Puis, j'ai eu une idée de dingue : je me fais engager dans la section transport de fonds, avec l'idée de faire un casse. Mais pour ça, je dois étudier tout le système. Et je fais mon premier casse. Ça marche super bien pendant un an. En même temps, je fais de la musique, j'écris, je fais des BD. Mais je me fais balancer par mon complice... Un peu classique comme dans tous les films. Et là, c'est le placard. J'ai 23 ans et pendant sept jours je suis au cachot, c'était l'horreur. En plus, sur le papier j'étais condamné entre 10 et 15 ans…J'entendais mon père me dire "Assume ta connerie". Et après ces sept jours, on me dit "Tu vas aller en promenade". Je me retrouve donc dans une cour avec 300 mecs, dont des cadors qui m'ont serré la main en me disant : "C'est bien ce que tu as fait mais il faut qu'on t'apprenne certaines choses". C'était l'école du crime. Comme sur un tournage si Depardieu trace la foule pour me trouver et me dire : "Ton boulot est bon mais il manque 2-3 trucs". J'étais fasciné face à des mecs très charismatiques comme Francis le Belge. Des gens qui fréquentent des ministres, des grands avocats… J'avais pris ça pour de l'amitié. Les mecs m'ont testé puis formé en prison. Je rencontre un mec qui va sortir et qui pourra m'aider parce qu'il sait voler les bagnoles, l'autre il peut m'avoir des armes… Et j'appelle ça le forum du crime.
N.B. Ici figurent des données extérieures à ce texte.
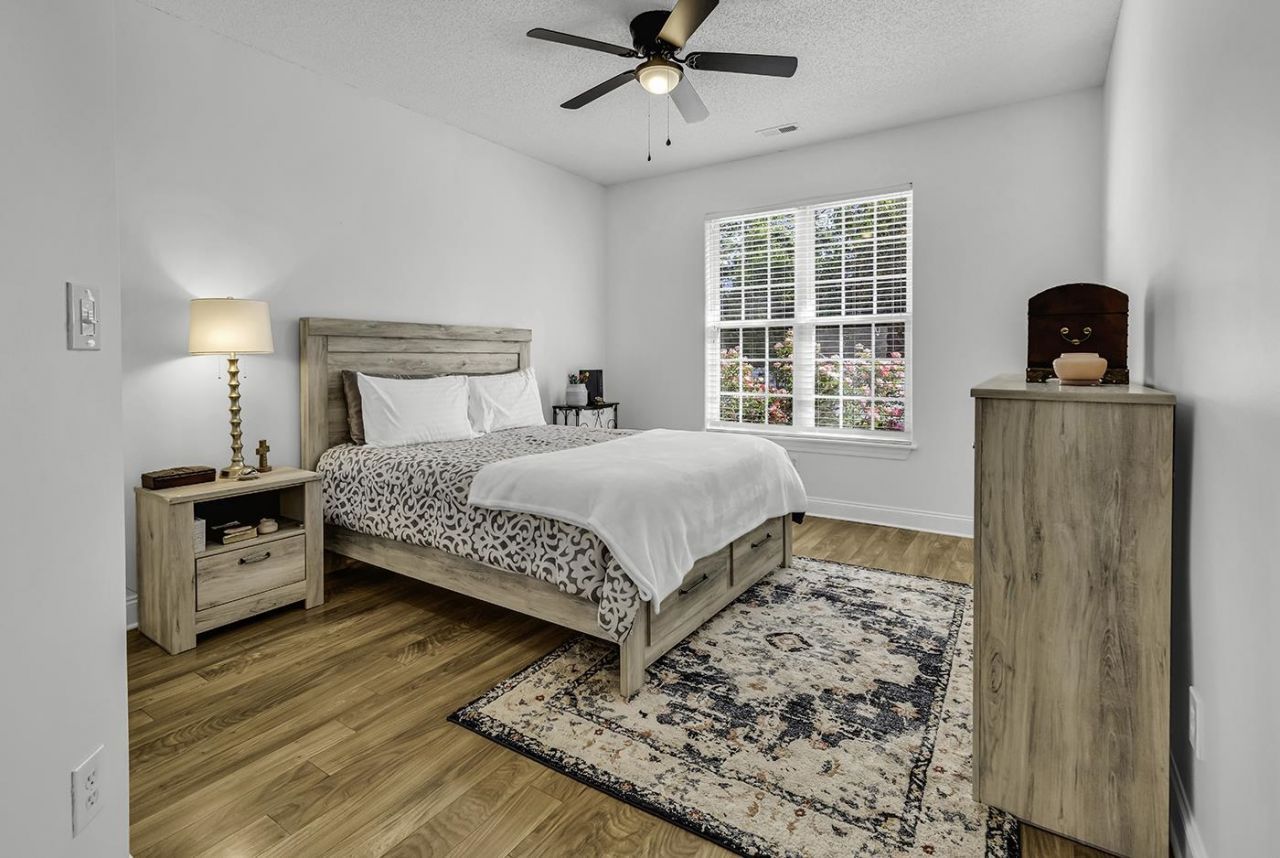 600 Clandon Ct. Photo 19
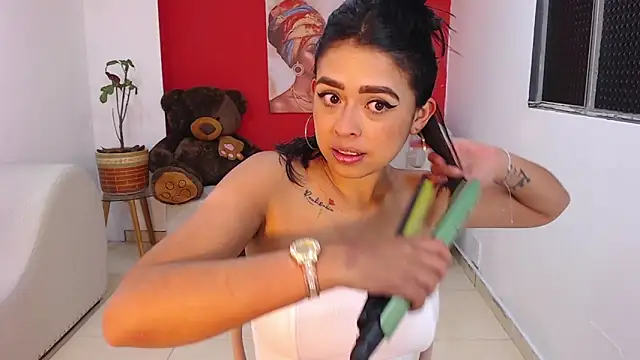 Snapshot of naia_sweetsex chatting on 09-15-25, 06:52 naia sweetsex online show from 09-15-25, 06:52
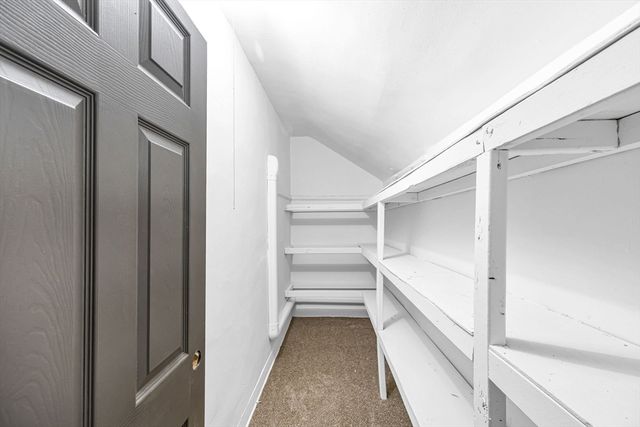 42 Washington St, Monson, MA 01057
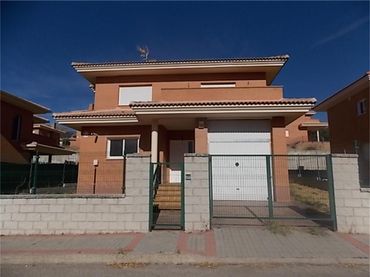 Casa d'obra nova amb jardí en venda a Calle Pablo Neruda 6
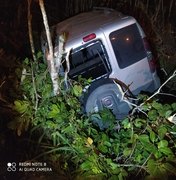 Condutor perde controle de veículo e capota na AL 110 em Arapiraca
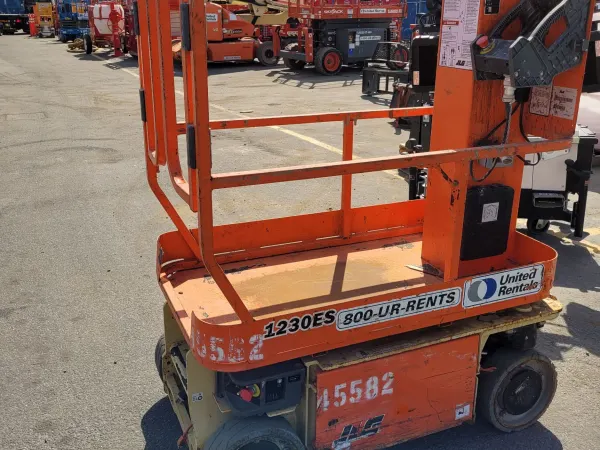 2017 JLG 1230ES Self-Propelled One-Person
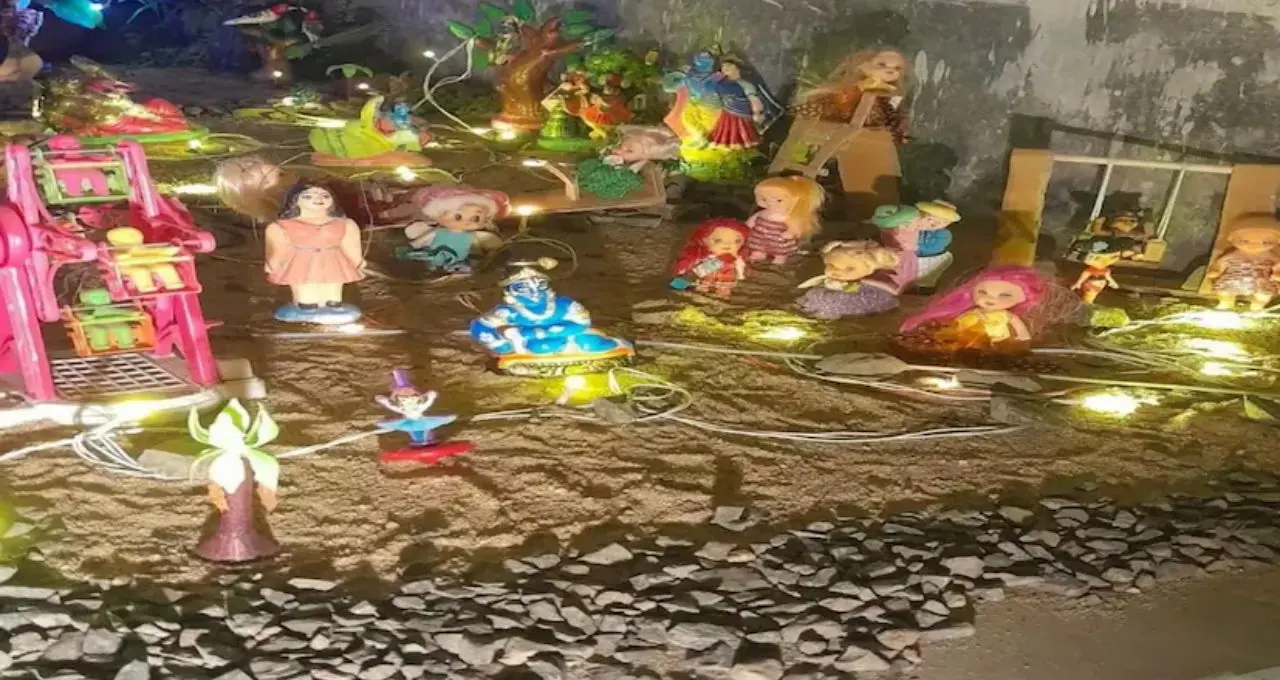 Jhulan Yatra: রিলস-স্মার্টফোনের ভিড়েও হারায়নি ঝুলনের মায়া! পানিহাটি-খড়দহে আজও দোলনায় রাধা-কৃষ্ণ, জেগে আছে বাংলার পুরনো ঐতিহ্য
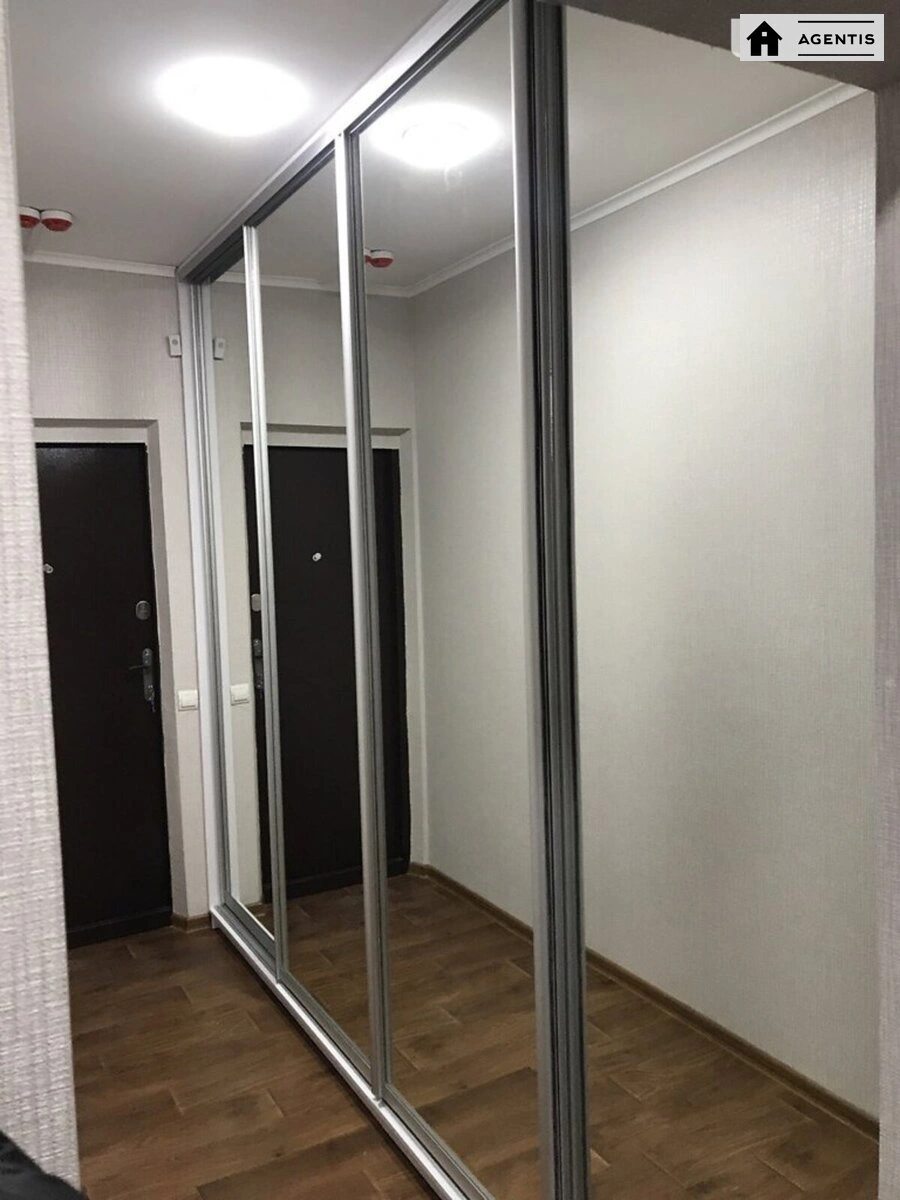 Сдам квартиру. 2 rooms, 55 m², 8th floor/24 floors. 54, Ревуцкого 54, Киев. 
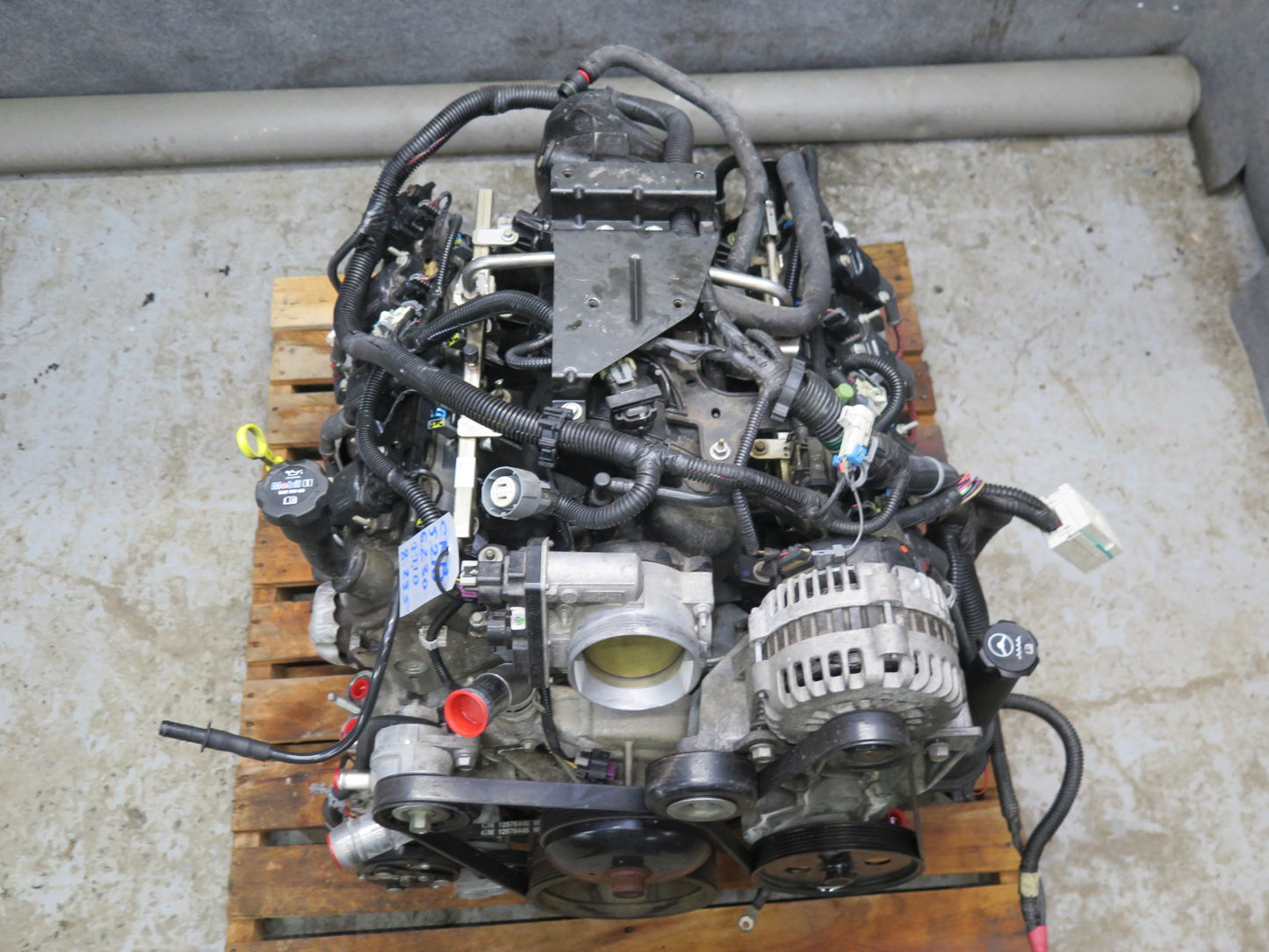 05-06 Chevrolet SSR 6.0L LS2 RWD Engine Motor w Torque Converter Assembly OEM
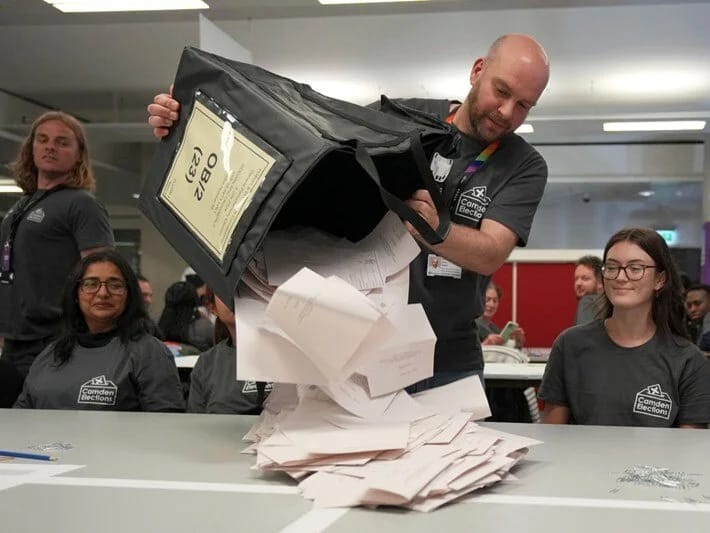 Böyük Britaniyada səsvermə yaşının aşağı salınması planlaşdırılır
J'ai eu une idée de dingue : je me fais engager dans la section transport de fonds, avec l'idée de faire un casse : mais pour ça, je dois étudier tout le système.
Au bout de quatre ans, je suis libéré, je sors, je monte une équipe et on braque des fourgons. Et je fais ça jusqu'en 2000. J'avais une éthique : on ne tue pas les gens, on ne tire qu'en cas d'urgence. Tout se passe bien jusqu'en 1996, avec une attaque de fourgon que je n'ai pas commise et dans laquelle un convoyeur a pris une balle dans la jambe… Le problème, c'est que j'ai fait plein d'autres fourgons mais pas celui là ! Donc le seul moyen de m'en sortir c'est de m'évader. Je me suis évadé deux fois. Je suis en cavale pendant sept ans et en 2001 j'ai une fusillade avec la police judiciaire où je blesse un agent aux jambes. Là, je prends conscience du fait que j'ai basculé : d'un hors-la-loi je suis devenu un criminel. Quand tu touches un flic, ta vie bascule parce que tu as toute la police du monde à ton cul. C'est comme Colonna. J'ai dû me cacher encore plus, en même temps j'avais aussi décidé d'arrêter le flingue. Je monte une maison d'édition avec de faux papiers au Luxembourg, j'édite de la BD et je commence à travailler dans le cinéma grâce à François Ozon que j'ai rencontré sur Swimming Pool tourné près de chez moi. Mais c'est surtout José Giovanni que j'ai rencontré chez des potes pendant ma cavale qui m'a poussé à changer. Il m'a dit : "Laisse le flingue et prends la plume, il n'y a plus que des flics qui font des films de voyous", en parlant d'Olivier Marchal. J'ai toujours écrit depuis l'enfance. Ça m'a ouvert un univers vaste, j'ai vécu au Venezuela, en Afrique noire, au Maroc, en Corse, etc. Tous ces milieux m'ont ouvert à différentes cultures et du coup l'écriture est plus facile pour moi. J'ai mené une vie faite d'aventures, traversé l'Atlantique sous des tempêtes, etc.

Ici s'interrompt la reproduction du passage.